Désirer, choisir, assumer…
Aimer, ce n’est pas seulement ressentir. C’est décider. Décider de faire attention. Décider de regarder l’autre en face, sans fantasme mal emballé. Décider de se poser les bonnes questions avant de s’emballer pour les mauvaises raisons. L’amour n’excuse pas tout. Il n’efface ni la responsabilité, ni la lucidité, ni le respect de soi.
Parler d’amour, c’est aussi parler de santé. De corps qu’on protège autant qu’on désire. De bilans qu’on fait avant les promesses. De sexualité vécue sans honte mais avec conscience. Prendre soin de soi et de l’autre, ce n’est pas casser la magie : c’est lui donner une chance de durer.
Dans ce numéro, OUKOIKAN choisit d’explorer ce que beaucoup vivent mais peu osent vraiment nommer. Les corps, par exemple. Nus, assumés, observés autrement. Le nude n’est pas une provocation gratuite : c’est un langage, une esthétique, C’est un ART. Ce que nous acceptons de voir en dit long sur ce que nous sommes prêts à comprendre.
On parle aussi d’un pilier souvent idéalisé, parfois mal compris : le mariage. Chez nous, il dépasse largement l’histoire de deux personnes. Il engage des familles, des traditions, des symboles, des attentes. Entre us et coutumes, tradition et modernité, le mariage mérite d’être questionné, réinterprété, raconté sans filtre ni folklore forcé.
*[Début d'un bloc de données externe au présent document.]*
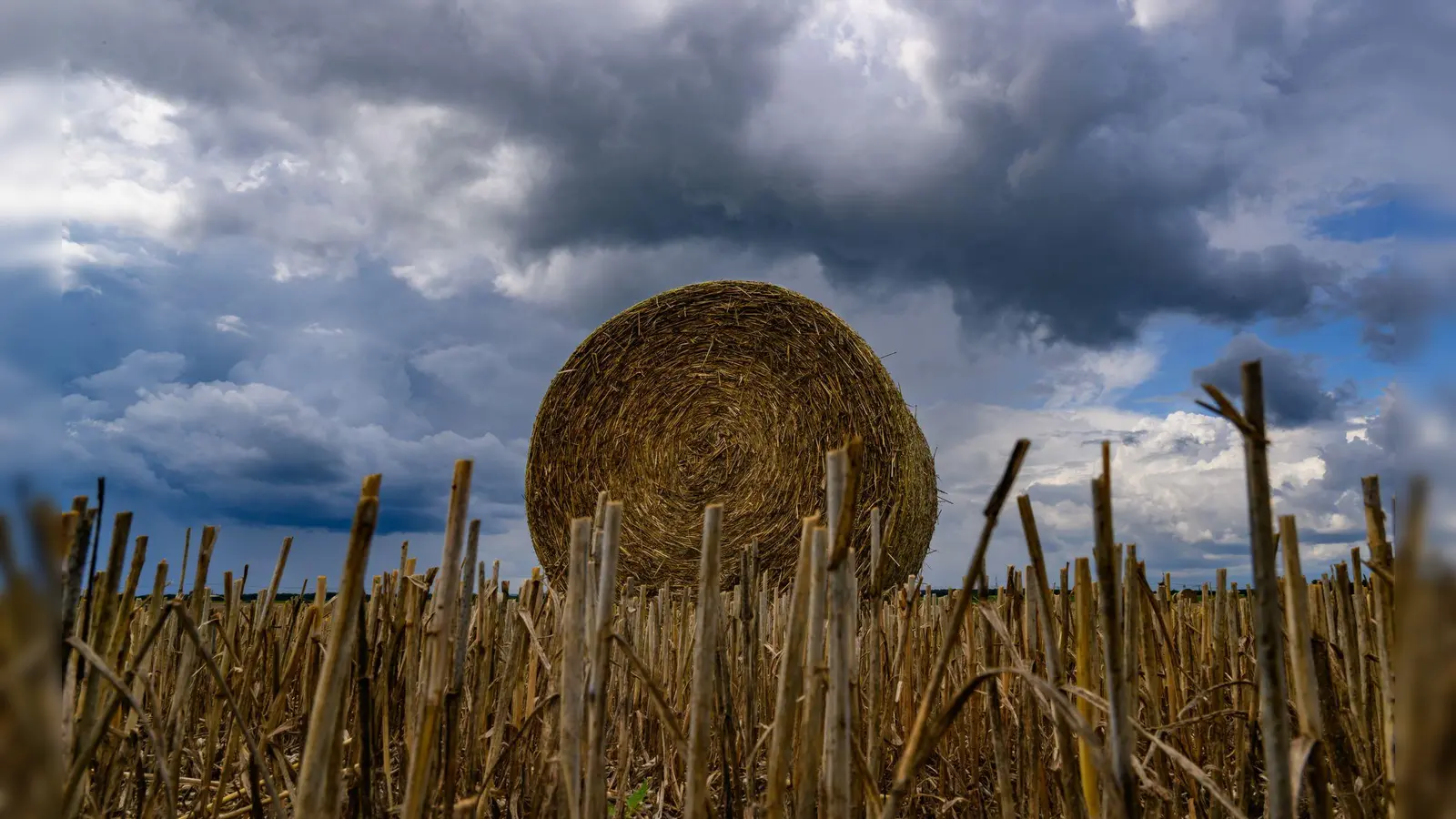 Volle Rolle: Eine Strohrolle liegt unter dunklen Wolken auf einem Feld im Landkreis Oder-Spree in Brandenburg. (Foto: Patrick Pleul/dpa)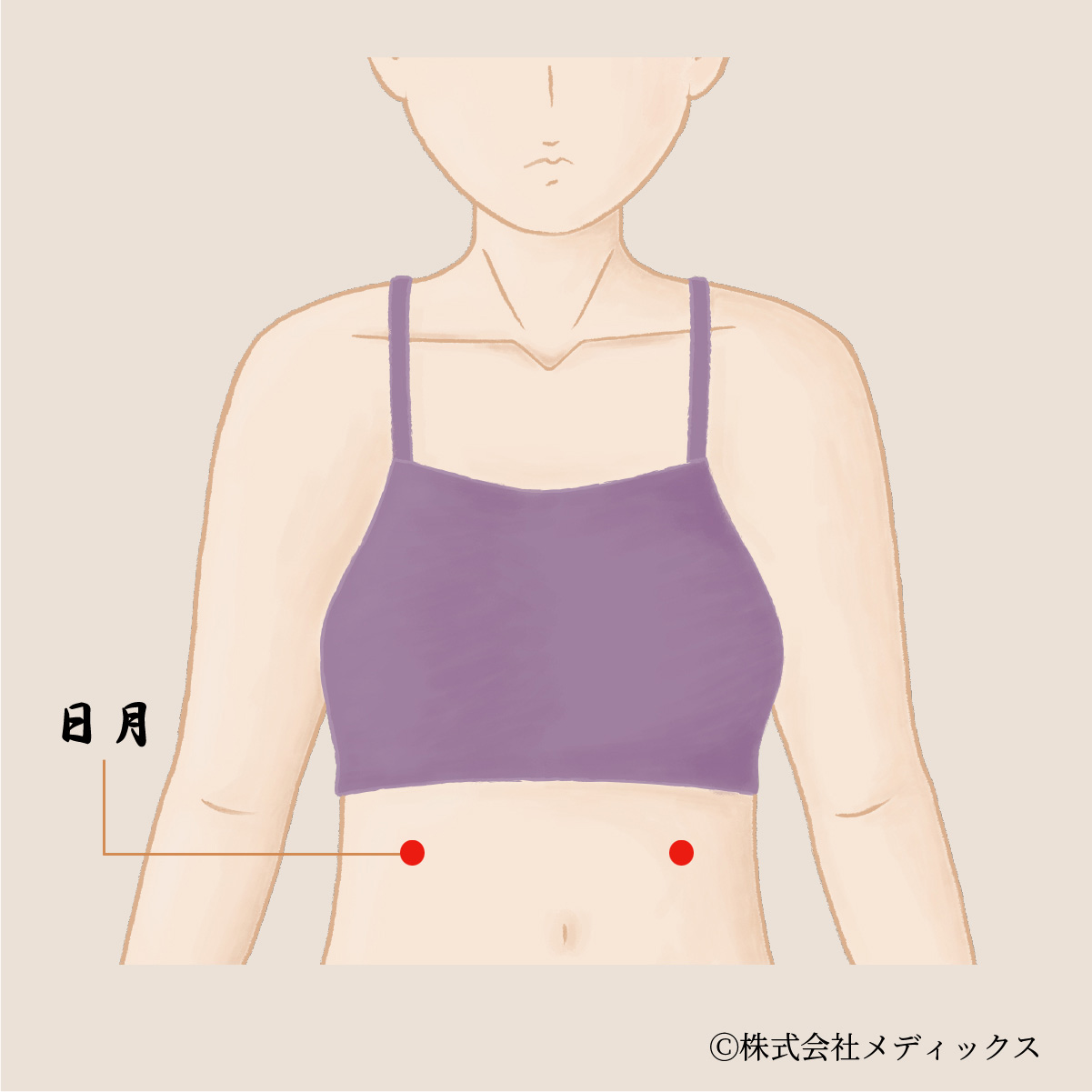 【日月】肝臓・胆のうの働きを整える重要なツボ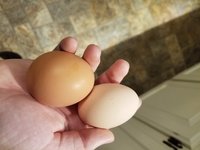 20180926_180908.jpg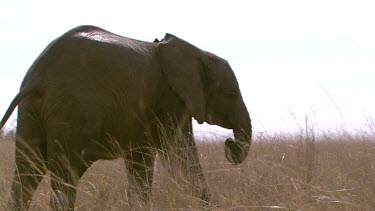 African elephant mammal grey trunk raised walking movement scanning looking searching day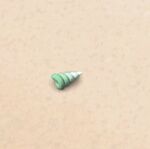 Ice Seashell 090116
Mais aimer, ce n’est pas que réfléchir. C’est aussi vibrer. Partager un plat qui réchauffe autant que les mots qu’on n’ose pas dire. Se retrouver dans un lieu qui fait battre la ville autrement. Se créer des souvenirs à deux, à l’ère du romantisme connecté, où l’intention compte plus que la mise en scène.
C’est également se laisser toucher par des récits qui nous ressemblent. Quand le cinéma africain se tourne vers le genre féminin, ce sont de nouvelles voix qui émergent, des regards plus francs, plus sensibles, plus courageux. Des histoires qui ne cherchent pas à plaire, mais à exister.
Parce qu’aimer, c’est sérieux… sans jamais se prendre trop au sérieux.